After 12 days, Sada finally found a way to reach Qusai: He made the war personal.

"If you kill the pilots," Sada told him, "you will have new war between America and your family. They'll come and kill your father, your brother...." He ticked off Hussein family members.

"After that," Sada says, "he was changed. He thought twice."

Finally, Sada was released from prison. A few weeks later, the war ended and Eberly and the other POWs were released.

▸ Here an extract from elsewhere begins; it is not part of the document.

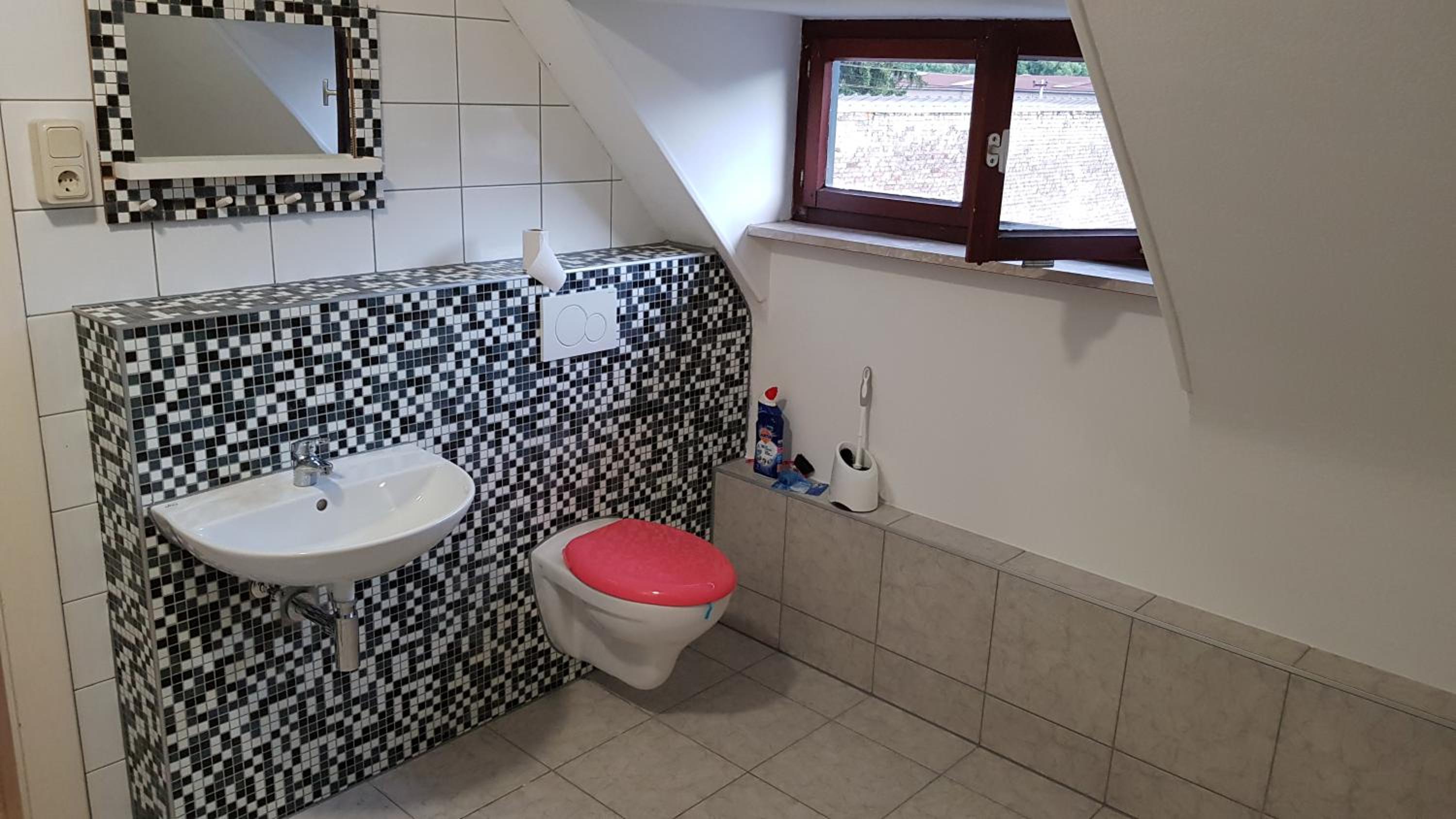 Handwerker Unterkunft Monteurzimmer mit Gemeinschaftsbad in Brebach view 2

Battered physically and mentally, they returned home in early March.

Then last fall, Eberly got a call from Defense Secretary Donald Rumsfeld's office saying there was an Iraqi general working with the State Department who recalled Eberly from his POW stint and the impressive way he'd conducted himself.

"He was very calm, very confident, very brave and very clever," Sada says of Eberly now, smiling over the "clever" part.

The two men spoke over the phone, then met Feb. 28 for the first time since those interrogation sessions, sharing war stories in Fredericksburg.

"It was a very rewarding experience," Eberly says. "He's a terrific individual."

Today, Sada is spokesman and adviser to the Iraqi prime minister, helping to shepherd his country toward democracy. He shrugs off recent accounts of more violence in Iraq and claims the insurgency is losing power. He's proud of the January elections, when Iraqis chose 275 representatives for their new National Assembly, 60 of them "ladies."

His former boss, interim Prime Minister Ayad Allawi, just dodged another car bomb. I ask if Sada is concerned for his own safety, and he shrugs that off, too.

"There is always a battle between the evil and the goodness," Sada says. "And we will accept that battle, whatever will be the result. Iraq is going to be a guiding candle in the dark Middle East.

"The good Iraqis and the faithful Iraqis will never forget what the American nation has done for us in liberating our country from evil dictatorship. I bow before the American mothers and fathers for their sacrifices - they lost their beloved ones, sons and daughters, in battle of freedom of Iraq.

"Freedom is a very dear thing," says the general who risked his freedom and more for two dozen strangers. "You don't get it easy."
 

ShadowDamien

Shadow's Secret Clone
Man, don't let Bush see this article...

All he will see from this article is: There are weapons of mass destruction gone out from Iraq to Syria.

And we will see this go to a totally wrong level.
 
OP
L

Lizard Blade

New member
Yeah, as Jon Stewart put it, the next time we have a miltary excursion near the Iraq/Syria border, our troops will go on Operation "While you're up there..."
 

ShadowDamien

Shadow's Secret Clone
Lizard Blade said:
Yeah, as Jon Stewart put it, the next time we have a miltary excursion near the Iraq/Syria border, our troops will go on Operation "While you're up there..."


And like the wife:

While you're going to the hockey game could you pick up....

Bush:

Since we are so dammed close to it... let's try to get our dignity back and get them WMD!!!